- [Given data]
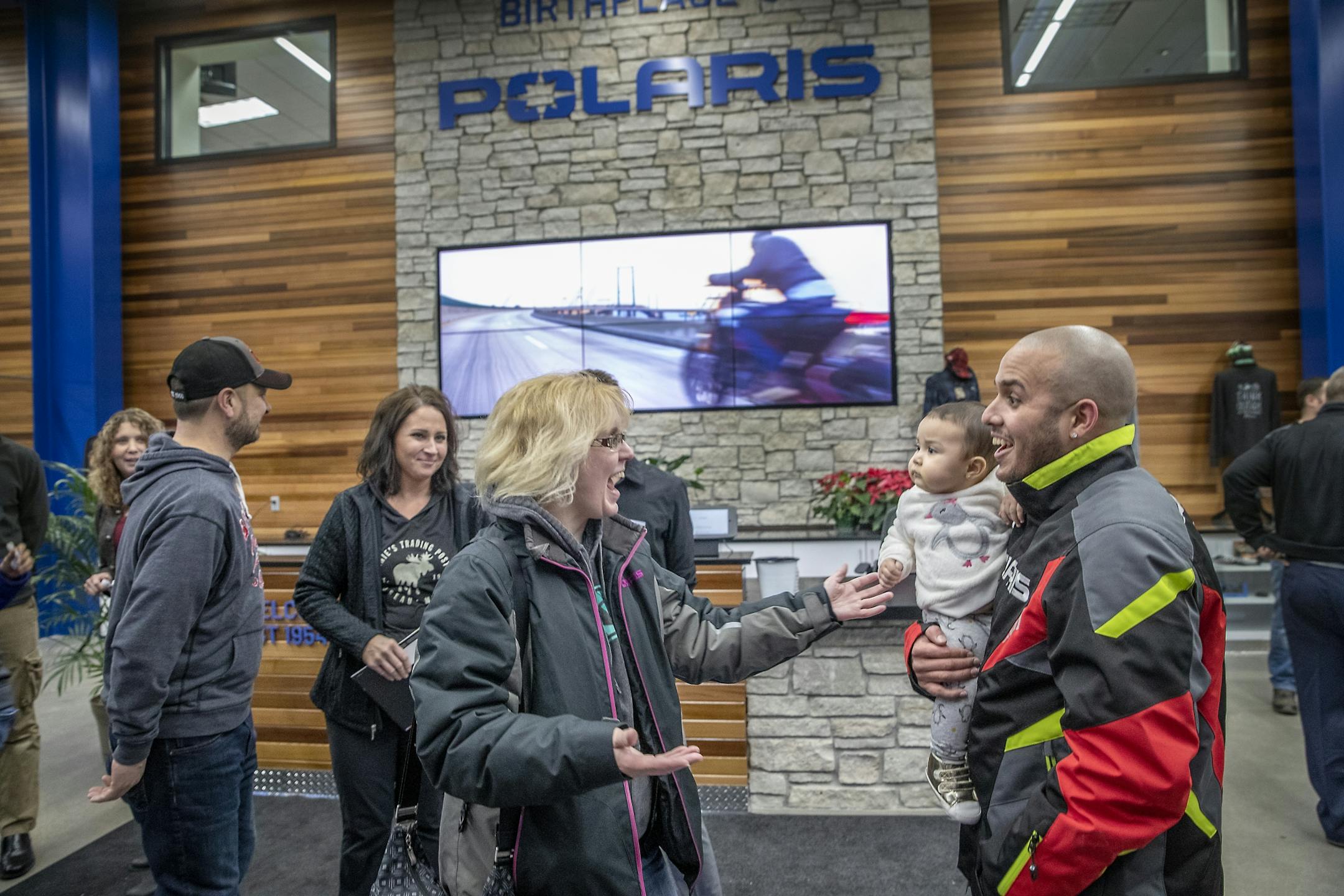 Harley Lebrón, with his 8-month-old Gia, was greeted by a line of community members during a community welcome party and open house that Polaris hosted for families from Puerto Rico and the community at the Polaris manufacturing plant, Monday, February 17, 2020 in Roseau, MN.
---
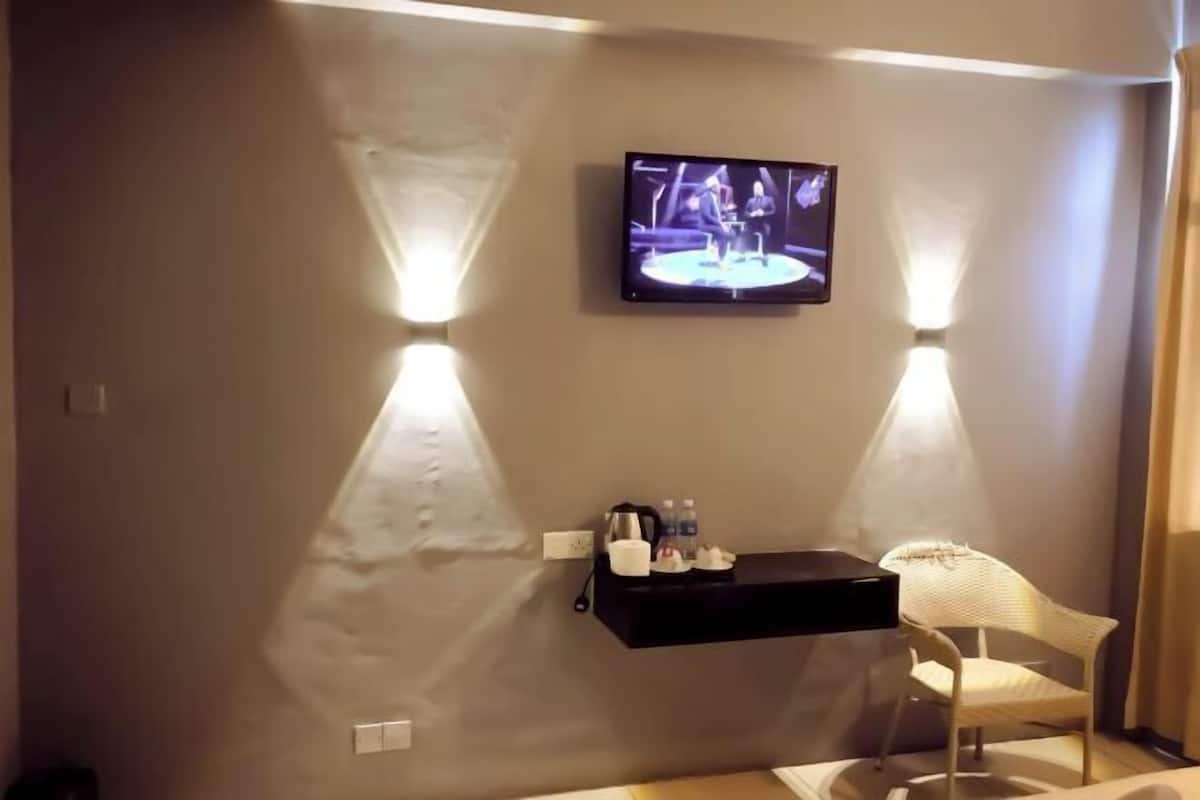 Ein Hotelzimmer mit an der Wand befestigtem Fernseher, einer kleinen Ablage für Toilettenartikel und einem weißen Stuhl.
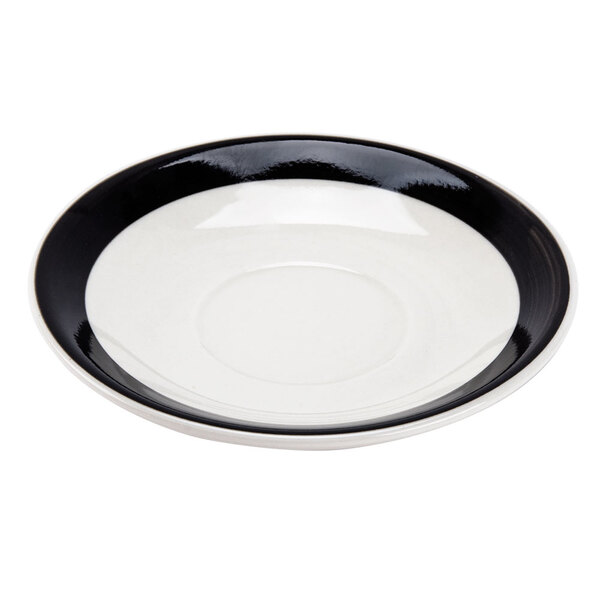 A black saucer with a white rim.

- [About this exercise] The data above holds the lines to copy: start at the one with "Ein Hotelzimmer mit", stop at the one with "A black saucer with a white rim.", include both, copy them exactly without pictures, and copy nothing else.

- [Output of the task]
 Ein Hotelzimmer mit an der Wand befestigtem Fernseher, einer kleinen Ablage für Toilettenartikel und einem weißen Stuhl.
 A black saucer with a white rim.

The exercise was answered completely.